McALLEN — Tani Talamantez has a smile that will light up a dark room. When she gathers with teammates or family and friends, laughter ensues immediately.

But don’t mistake that beaming smile with softness, or her kindness with weakness. She’ll steal from you, break your ankles and make you look silly.

We’re talking on the basketball court of course.

McAllen Memorial’s Tani Talamantez and her sister Cori Talamantez during Tani’s signing ceremony. (Henry MIller |

Talamantez was all smiles, and some tears, as she signed her letter of intent Thursday to play basketball with Our Lady of the Lake University in San Antonio. The McAllen Memorial senior point guard, and The Monitor girls basketball player of the year, said the journey to college began years ago playing basketball with her older brothers.

“I played mainly with D.J. but they were tough,” Talamantez said. “He’d say ‘come on, come shoot around and lets play one-on-one,’ I would really be scared because guys never like to take it easy on girls, but I was his sister so of course he would let me take him to the rim every now and then.

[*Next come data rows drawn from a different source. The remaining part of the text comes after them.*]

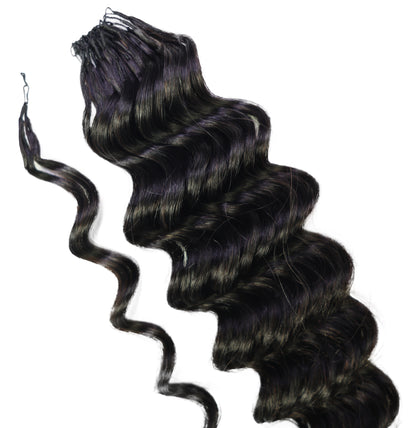 LUXLUXE Deep Wave Real Human Crochet Hair Extensions - Natural & Natural Black 18 & 16 & 14 Inch 50g Knotless Pre Separated Feather Wavy Hairpiece for Women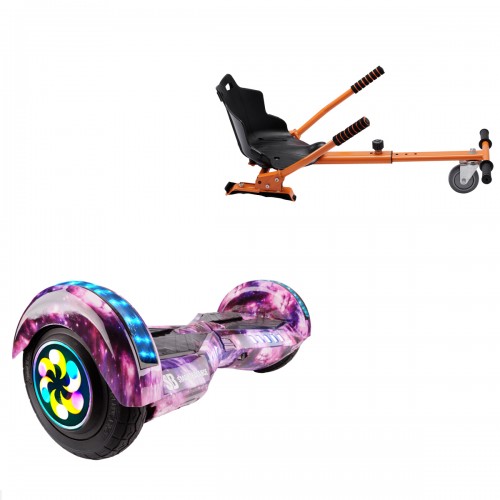 Pachet Hoverboard 8 inch cu Scaun Standard, Transformers Galaxy Pink PRO, Autonomie Extinsa si Hoverkart Ergonomic Portocaliu, Smart Balance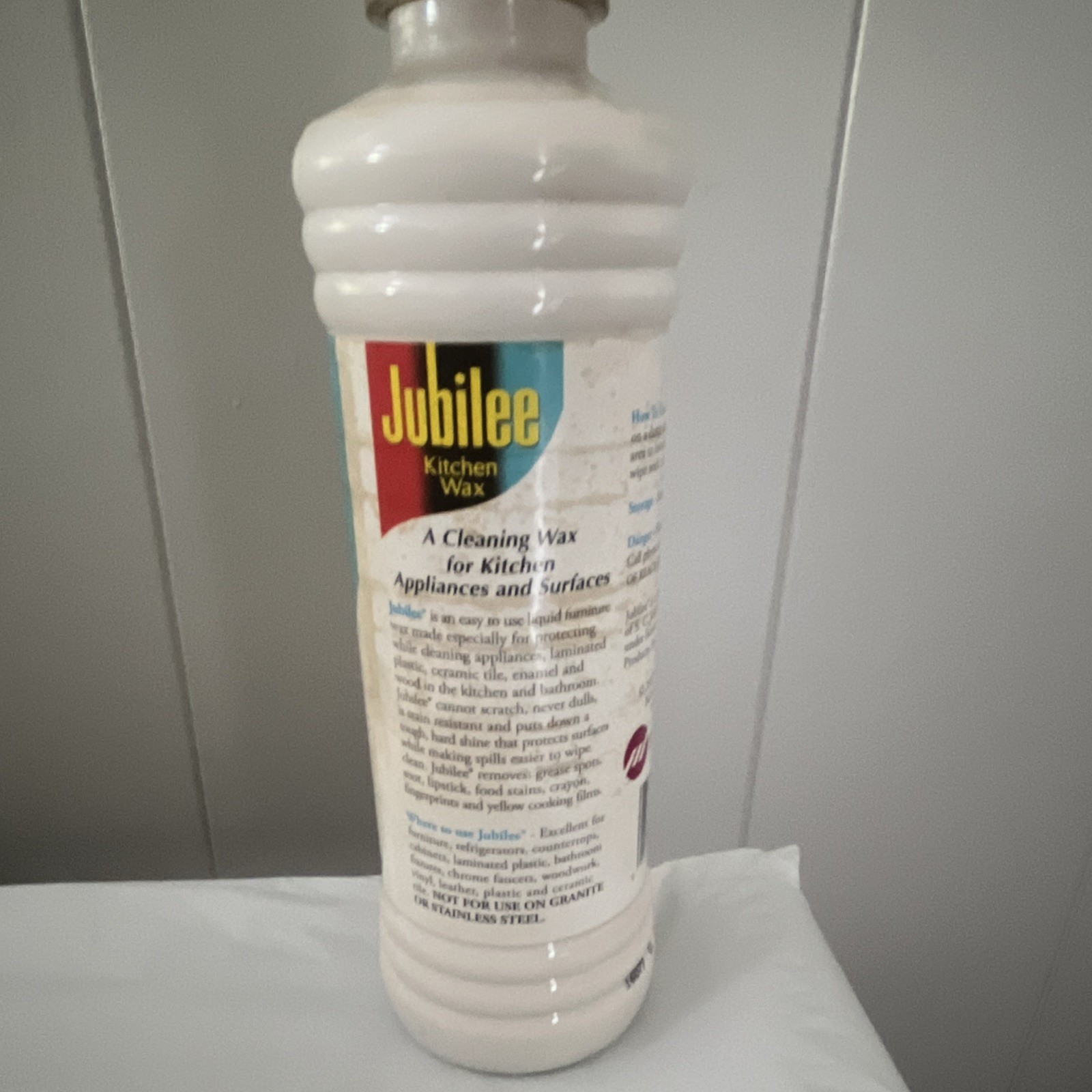 Jubilee Kitchen Liquid Cleaning Wax Protects Shines Cleans 1 Full Open Bottle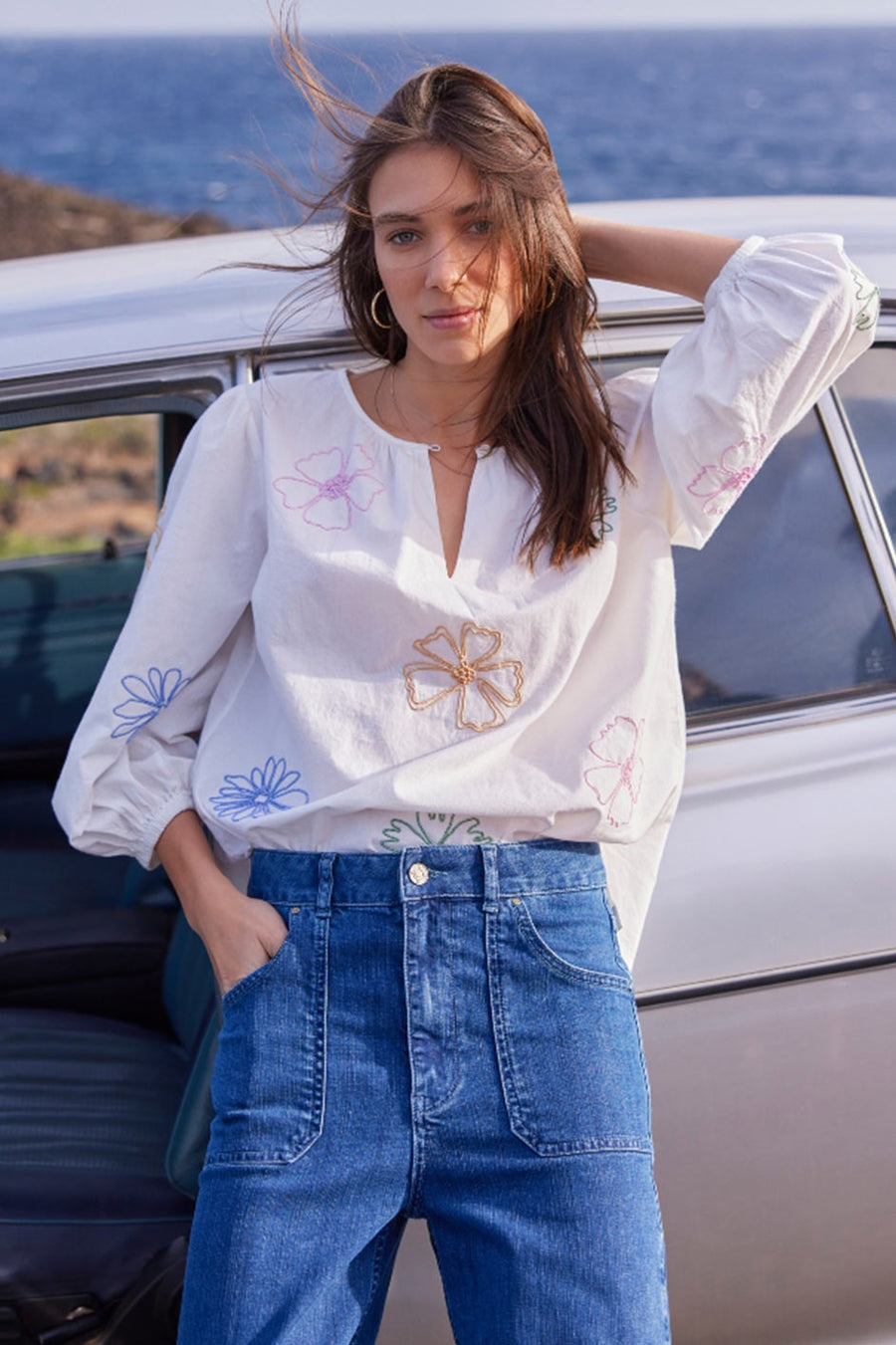 Amber Embroidered Top - Ivory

“He has been an inspiration to me. He played here his senior year and dominated so I wanted to into my senior year and leave it all out there, play harder than I even have in the past.”

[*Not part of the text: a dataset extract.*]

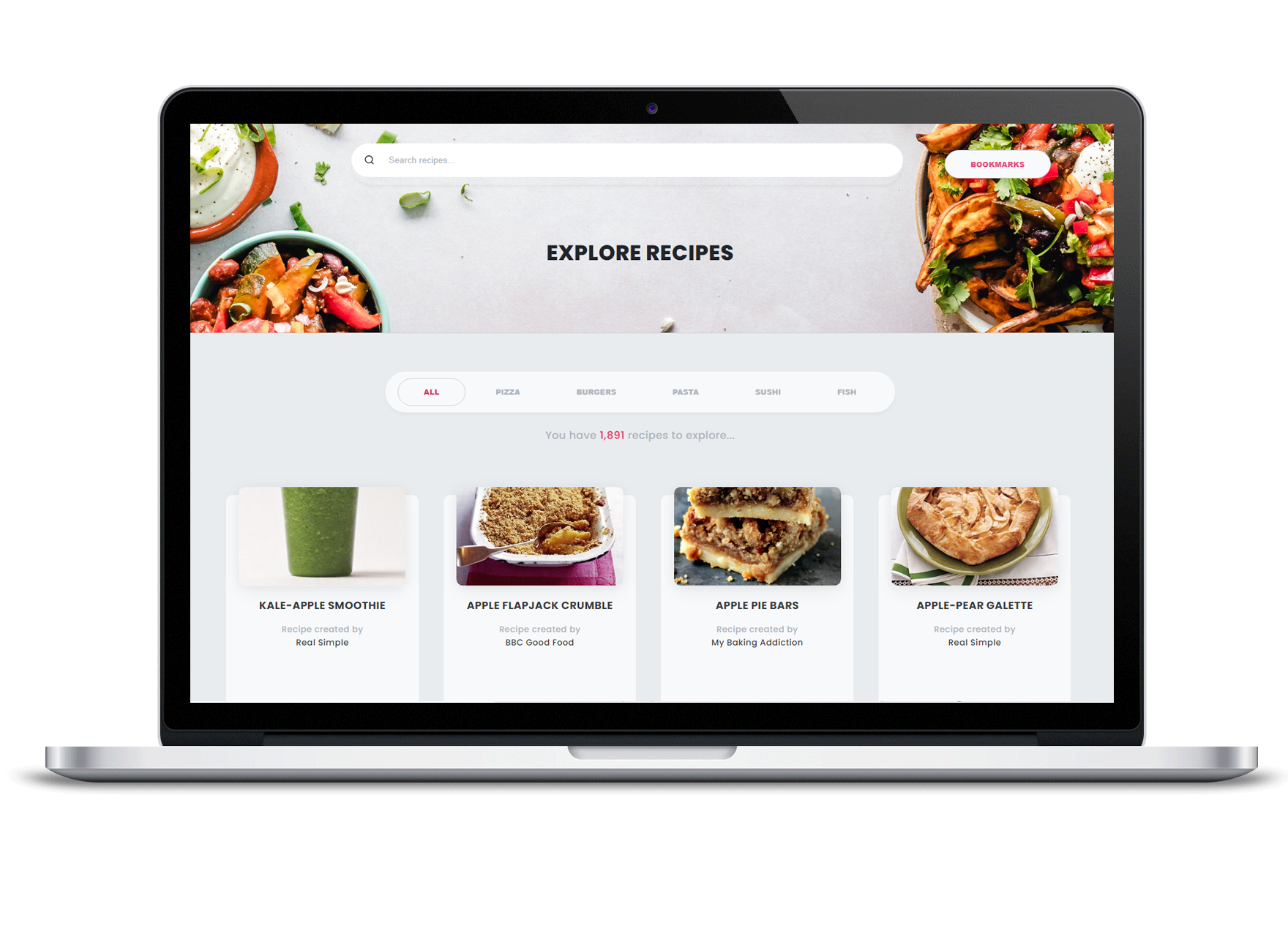 Omnifood website laptop mockup image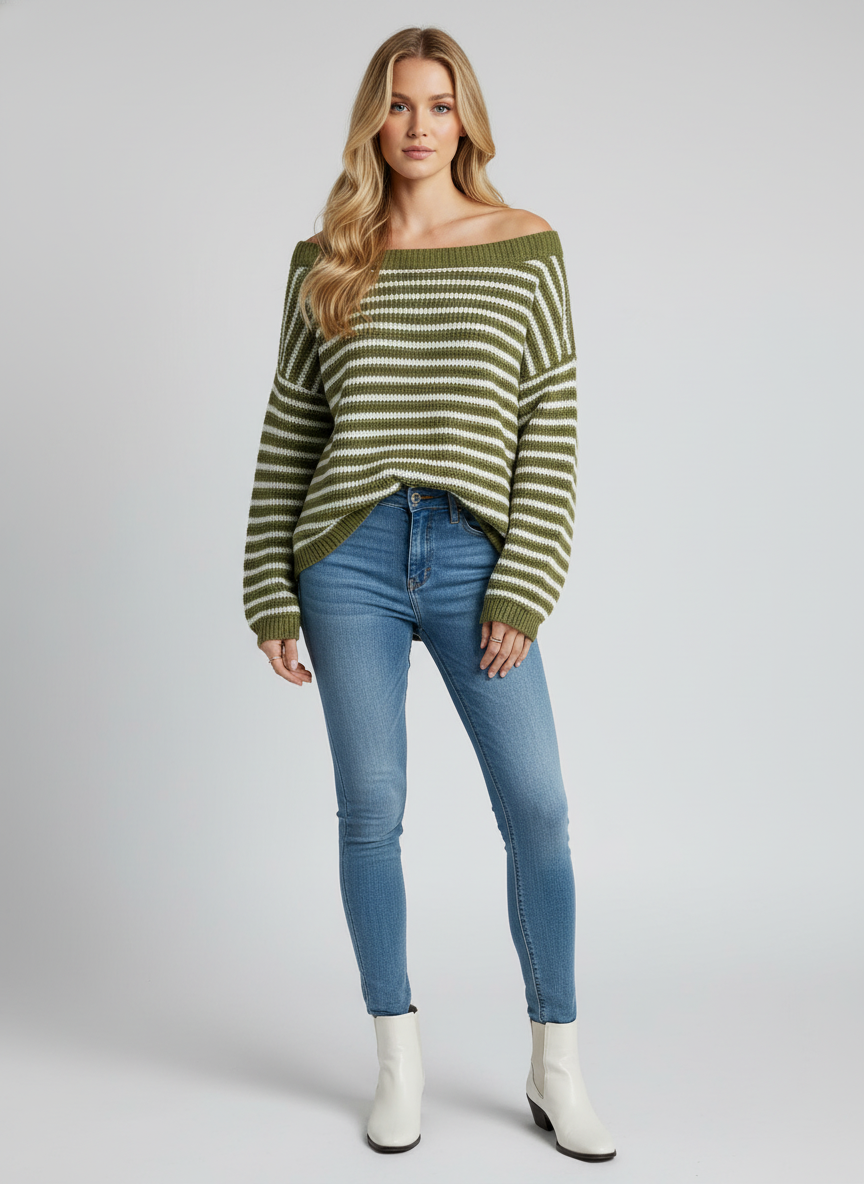 Dea Studios Gestreept Off-Shoulder Top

It showed as Talamantez, who has been the Mustangs’ starting point guard since her freshman year, averaged 20.9 points, 2.7 rebounds, 3.5 assists and 4.1 steals per game and most of the time she would watch from the bench in the fourth quarter as her team would have a large lead. The banner that stretched along the front of the table during her signing ceremony showed her progression; each year had more awards listed under it and her senior season was undoubtedly her best.

Among those awards, the Texas Girls Coaches Association chose Talamantez for its Class 6A All-State team. TGCA’s All-State team is comprised of the top 40 Class 6A players in Texas.

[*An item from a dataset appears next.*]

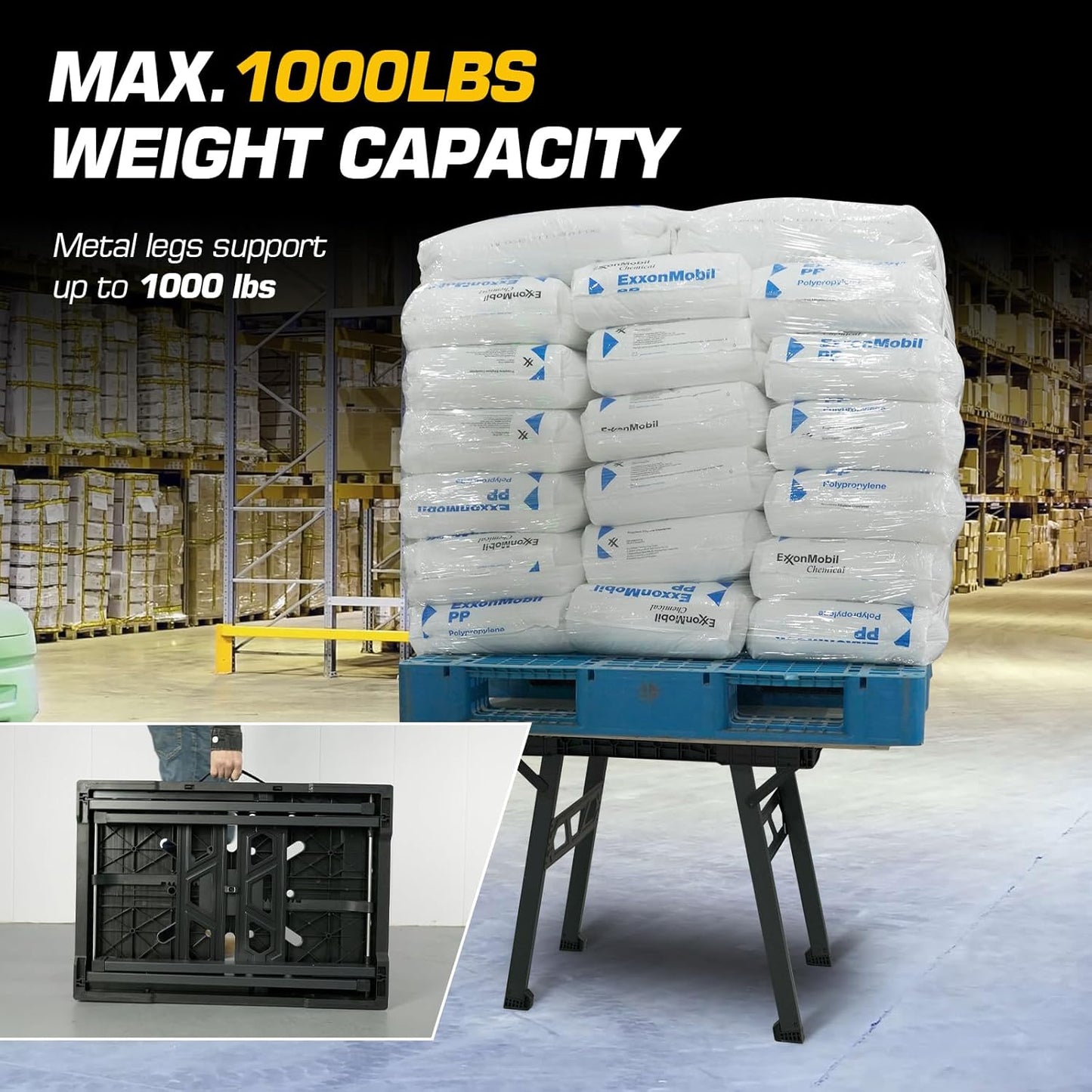 Express Folding Work Table, Easy Setup Portable Folding Work Table & Portable Folding Workbench, 34" W x 25" D x 31" H Lightweight Versatile Clamping Worktable for Garage/Wood Shop (Yellow)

Last year’s 28-7 OLLU Saints finished 28-7 overall, 16-2 in the Red River Athletic Conference and advanced to the NAIA Div. I National Championship Final Four before falling to Oklahoma City. The team was ranked in the top 15 for the entire season and finished No. 3.

“Not only are they ranked No. 3 but they have a very good psychology program,” Talamantez said, “That’s the area I want to study.”

Talamantez’s dad, Dr. Donnie Talamantez, said Tani started dribbling a basketball as early as 3 years old, “when it was bigger than her.” He recalled a time during a summer track season when the coach came over to him to talk about his oldest daughter, about 6 or 7 years old at the time.

“He said ‘hey doc, your daughter’s the fastest out here,’” Dr. Talamantez said. “I said ‘the fastest girl, that’s great,’ and he said ‘no, the fastest boy or girl,’

“We kind of knew and saw she had something special around that time.”

Not only did Talamantez have her older brothers to guide her, but she has a younger sister, Cori, who plays by her side on the Memorial varsity team. Cori was named the district’s defensive player of the year.

“I’ve played with Cori for 10 years on different teams. She can stop me defensively but she’s scared..scared of my skill,” Tani said with a laugh.

That was a rare moment of smack talk for Tani, whose performance on the basketball court is nothing short of workman like at all times.

“I’m nice on the court. I’m not cocky or give people trash looks,” she said. “I just play the game hard whether winning or losing and stay focused. I don’t let pressure get to me.”

Sounds nice. Just don’t try her one-on-one.